This role is for one of our clients
Company Name: Neemtree
Industry: Technology, Information and Media
Seniority level: Mid-Senior level
Min Experience: 4 years
Location: Gurugram, Delhi, NCR
JobType: full-time
We’re looking for a Site Reliability & Automation Engineer who thrives at the intersection of infrastructure, automation, and reliability. In this role, you’ll design and operate scalable cloud environments that power mission-critical applications. You’ll take ownership of cloud infrastructure, CI/CD pipelines, observability systems, and DevOps automation—helping development teams deliver faster, safer, and more reliable software.
This is an exciting opportunity for an experienced engineer who loves to optimize systems, automate everything, and build the backbone for high-performing teams.
What You’ll Do
Design & Build Cloud Infrastructure — Architect and maintain scalable, secure, and resilient AWS environments for production and staging systems.
Automate Everything — Develop Infrastructure-as-Code (IaC) using Terraform to streamline environment provisioning and ensure consistency.
Own CI/CD Pipelines — Build, optimize, and maintain GitLab CI/CD workflows for rapid, reliable deployments.
Implement GitOps Principles — Use tools like ArgoCD to enable declarative, version-controlled deployments across multiple environments.
Enable Observability — Set up and manage metrics, dashboards, and alerts using Grafana, Prometheus, and CloudWatch to ensure system health and uptime.
Drive Collaboration — Work closely with developers and QA teams to optimize application performance and troubleshoot issues across environments.
Champion Security & Cost Efficiency — Implement best practices for identity management, networking, and cloud cost governance.
Incident Management — Participate in on-call rotations, perform root cause analysis, and continuously improve incident response processes.
Evolve Tooling & Processes — Stay ahead of DevOps trends and evaluate new tools, frameworks, and practices to enhance delivery velocity and reliability.
What You Bring
Experience: 4–10 years in DevOps, SRE, or cloud infrastructure roles with hands-on AWS expertise.

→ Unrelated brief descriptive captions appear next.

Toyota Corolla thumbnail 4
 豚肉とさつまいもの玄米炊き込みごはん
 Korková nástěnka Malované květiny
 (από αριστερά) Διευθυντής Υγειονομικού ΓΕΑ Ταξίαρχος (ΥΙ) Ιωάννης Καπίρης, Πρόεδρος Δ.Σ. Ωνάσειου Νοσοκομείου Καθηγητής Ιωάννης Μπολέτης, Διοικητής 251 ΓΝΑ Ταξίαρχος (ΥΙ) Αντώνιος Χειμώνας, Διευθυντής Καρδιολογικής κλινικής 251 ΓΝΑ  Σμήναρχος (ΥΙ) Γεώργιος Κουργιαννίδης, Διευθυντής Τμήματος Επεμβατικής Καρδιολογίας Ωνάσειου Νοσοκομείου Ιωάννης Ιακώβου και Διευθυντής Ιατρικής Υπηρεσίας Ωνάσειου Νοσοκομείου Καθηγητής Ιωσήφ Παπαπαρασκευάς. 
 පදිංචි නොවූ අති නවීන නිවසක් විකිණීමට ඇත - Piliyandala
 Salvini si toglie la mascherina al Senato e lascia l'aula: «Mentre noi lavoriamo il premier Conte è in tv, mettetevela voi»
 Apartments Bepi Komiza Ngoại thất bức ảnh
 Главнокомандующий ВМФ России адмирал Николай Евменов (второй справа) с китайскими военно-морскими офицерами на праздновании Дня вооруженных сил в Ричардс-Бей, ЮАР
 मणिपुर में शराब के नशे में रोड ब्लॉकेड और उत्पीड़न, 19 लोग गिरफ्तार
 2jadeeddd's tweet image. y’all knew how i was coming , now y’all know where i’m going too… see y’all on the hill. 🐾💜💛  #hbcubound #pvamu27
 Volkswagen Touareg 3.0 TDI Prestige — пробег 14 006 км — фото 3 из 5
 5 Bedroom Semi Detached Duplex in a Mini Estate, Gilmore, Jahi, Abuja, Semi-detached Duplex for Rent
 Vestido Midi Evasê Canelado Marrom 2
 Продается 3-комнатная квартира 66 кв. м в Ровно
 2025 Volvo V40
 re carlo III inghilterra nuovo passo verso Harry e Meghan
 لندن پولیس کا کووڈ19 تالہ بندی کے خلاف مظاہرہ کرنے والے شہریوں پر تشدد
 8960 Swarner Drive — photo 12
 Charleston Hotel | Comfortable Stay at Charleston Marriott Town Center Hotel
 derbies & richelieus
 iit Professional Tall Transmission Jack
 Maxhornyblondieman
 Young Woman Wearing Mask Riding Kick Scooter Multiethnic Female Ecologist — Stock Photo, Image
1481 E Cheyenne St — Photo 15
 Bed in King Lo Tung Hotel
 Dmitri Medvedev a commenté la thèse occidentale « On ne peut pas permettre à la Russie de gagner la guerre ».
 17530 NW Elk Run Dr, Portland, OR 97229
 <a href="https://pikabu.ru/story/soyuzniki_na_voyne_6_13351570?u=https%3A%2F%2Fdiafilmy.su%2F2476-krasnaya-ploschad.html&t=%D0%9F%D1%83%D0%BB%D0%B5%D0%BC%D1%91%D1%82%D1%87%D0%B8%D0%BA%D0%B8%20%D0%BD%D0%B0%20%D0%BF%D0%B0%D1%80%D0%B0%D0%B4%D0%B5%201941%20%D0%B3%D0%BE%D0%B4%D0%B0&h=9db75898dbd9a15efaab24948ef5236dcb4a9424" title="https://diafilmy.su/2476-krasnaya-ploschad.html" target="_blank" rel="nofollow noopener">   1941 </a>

Cloud Mastery: Deep understanding of AWS (EC2, EKS/ECS, S3, RDS, Lambda, CloudWatch, IAM, VPC, etc.).
Automation Skills: Proficient in Terraform and Infrastructure-as-Code principles.
Pipeline Experience: Strong command over GitLab CI/CD or equivalent CI/CD platforms.
Observability Know-How: Experience with Prometheus, Grafana, or similar monitoring systems.
System Proficiency: Solid grasp of Linux systems, shell scripting, and troubleshooting distributed environments.
Containerization: Familiarity with Docker and Kubernetes for microservices deployment and orchestration.
Collaboration: Excellent communicator who thrives in cross-functional and agile setups.
Mindset: Analytical, proactive, and driven to automate manual processes.
Bonus Points
Exposure to configuration management tools (Ansible, Chef, Puppet).
Experience building microservices-based infrastructure on Kubernetes.
Knowledge of DevSecOps practices and cloud security automation.
Understanding of self-healing, automated monitoring, and remediation systems.